EU Geld genehmigt

EU bezuschusst die Sanierung des Schwimmerbeckens mit 176.000 Euro

Von Friedrich-Wilhelm Schiller
Jetzt hat es die Hänigser Freibadgenossenschaft schriftlich: Die Europäische Union (EU) bezuschusst die Sanierung des Schwimmerbeckens mit 176.000 Euro aus ihrem Leader-Förderprogramm. Den Förderbescheid hat Uetzes Bürgermeister Werner Backeberg der Genossenschaft überreicht.
Die Sanierung des Schwimmerbeckens sei eines der größten Projekte in der Leader-Region Aller-Fuhse-Aue, die bisher von der EU gefördert wurden, sagte die Regionalmanagerin der Region Aller-Fuhse-Aue, Gudrun Viehweg. Das Investitionsvolumen beläuft sich brutto auf 330.000 Euro.

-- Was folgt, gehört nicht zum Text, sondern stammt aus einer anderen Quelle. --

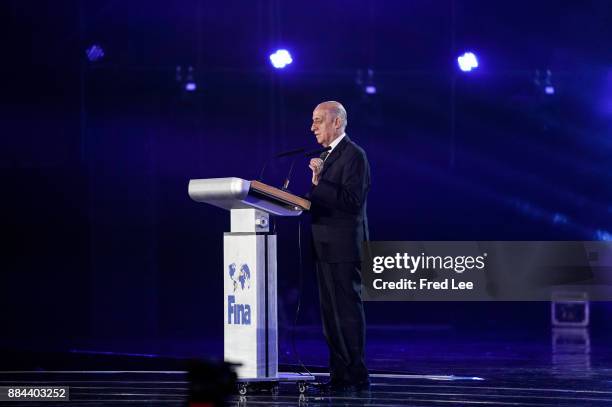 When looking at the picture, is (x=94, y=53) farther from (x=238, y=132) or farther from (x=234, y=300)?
(x=234, y=300)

Die Genossenschaft will das große Schwimmbassin sanieren, weil von den Wänden immer wieder Fliesen abfallen und vom Boden der Estrich abplatzt. Bei der Sanierung sollen lockere Fliesen und instabile Estrichflächen entfernt, Unebenheiten ausgeglichen und schließlich das Becken mit einer Spezialfolie ausgekleidet werden.

Die Vorbereitungen haben laut Manfred Eberl, Mitglied des Genossenschaftsvorstands, bereits begonnen. "Eine Firma hat Kernbohrungen gemacht und Zugproben genommen, um die Struktur des Betons zu untersuchen", berichtete Eberl. Ein Labor analysiere momentan die Proben. Die Sanierung soll am 4. Oktober unmittelbar nach Ende der Badesaison beginnen. Am 1. Mai 2018 soll das Bad wieder öffnen.

Das entscheidende Wort bei der Zuschussvergabe aus dem Leader-Programm spricht die lokale Aktionsgruppe (LAG) der Region. "Das Projekt ist in der lokalen Aktionsgruppe hoch bewertet worden", sagte Viehweg. Die Genossenschaft habe mit ihrem Motto "Ein Bad von allen für alle" punkten können. Die Badeanstalt habe sich zu einem sozialen Treffpunkt entwickelt, weil dort Veranstaltungen wie Gottesdienste und das Schweinetrogrennen stattfinden. Ein besonderer Aspekt sei gewesen, dass eine gemeinnützige Genossenschaft das Bad betreibe.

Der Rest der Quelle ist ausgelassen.